La clôture de la mise en état était ordonnée le 14 mars 2024.
A l’issue de l’audience de plaidoirie du 10 juin 2024, la décision était mise en délibéré au 12 août 2024, puis prorogée au 30 septembre 2024 compte tenu des émeutes en cours en Nouvelle-Calédonie et de la réorganisation de l’activité juridictionnelle.
MOTIFS DE LA DECISION
Au soutien de sa demande de résiliation du contrat de bail rural du 20 juin 2017, [E] [T] évoque une occupation du terrain loué dépassant les limites contractuelles, avec la mise en place d’une clôture qui empêche tout passage à la bailleresse au reste de la propriété.
Toutefois, les limites de propriété n’ont pas été précisément définies lors du contrat de bail du 20 juin 2017, de sorte qu’il n’est pas certain que la faute relève de la seule responsabilité des locataires, et qu’elle puisse justifier la résiliation du contrat. L’expert judiciaire saisi dans le cadre d’une procédure de référés avait d’ailleurs pu relever dans son rapport daté du 21 septembre 2021 que “l’implantation de l’exploitation a été ambigüe, la surface louée ne correspondant pas à celle occupée, ni à celle projetée sur le plan d’acte (de vente du 06 octobre 2017). L’intervention d’un professionnel aurait permis de préciser sur le terrain et en superficie l’accord entre les parties.”

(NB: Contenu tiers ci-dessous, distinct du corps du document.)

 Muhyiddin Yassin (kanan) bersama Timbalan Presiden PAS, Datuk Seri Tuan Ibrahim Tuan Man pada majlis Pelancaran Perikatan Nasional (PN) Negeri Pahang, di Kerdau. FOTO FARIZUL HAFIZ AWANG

Dans ces conditions, il n’est pas inenvisageable qu’à l’issue de la procédure, les parties soient amenées à poursuivre leurs relations contractuelles, dans des conditions qui devront être redéfinies. En conséquence, il est préférable que toute solution qui serait apportée aux différentes questions en litige fasse l’objet d’un consensus entre les parties, même partiel, afin de pacifier la suite de la relation. En conséquence, il convient d’inviter les parties à envisager la poursuite d’une mesure de type médiation ; à cet effet, il y a lieu d’ordonner la réouverture des débats, et d’inviter les parties à comparaître à la prochaine audience, personnellement en application des articles 184 et suivants du code de procédure civile de Nouvelle Calédonie, accompagnées de leurs avocats afin d’envisager l’organisation d’une mesure de résolution amiable du litige, sauf à avoir déjà donné leur accord à une telle mesure.
PAR CES MOTIFS,
Le Tribunal, statuant par jugement contradictoire, mis à disposition au greffe, et avant-dire-droit,
ORDONNE la révocation de l’ordonnance de clôture du 14 mars 2024, et la réouverture des débats,
ORDONNE le renvoi des parties et leur comparution personnelle à l’audience de mise en état prévue le 21 novembre 2024, à 10h30 au tribunal de première instance de NOUMEA, dans la salle qui sera affichée sur place, sauf à ce qu’elles aient donné leur accord à l’organisation d’une médiation dans l’intervalle,
Ainsi fait, jugé et prononcé par mise à disposition au greffe de la juridiction les jour, mois et an ci-dessus.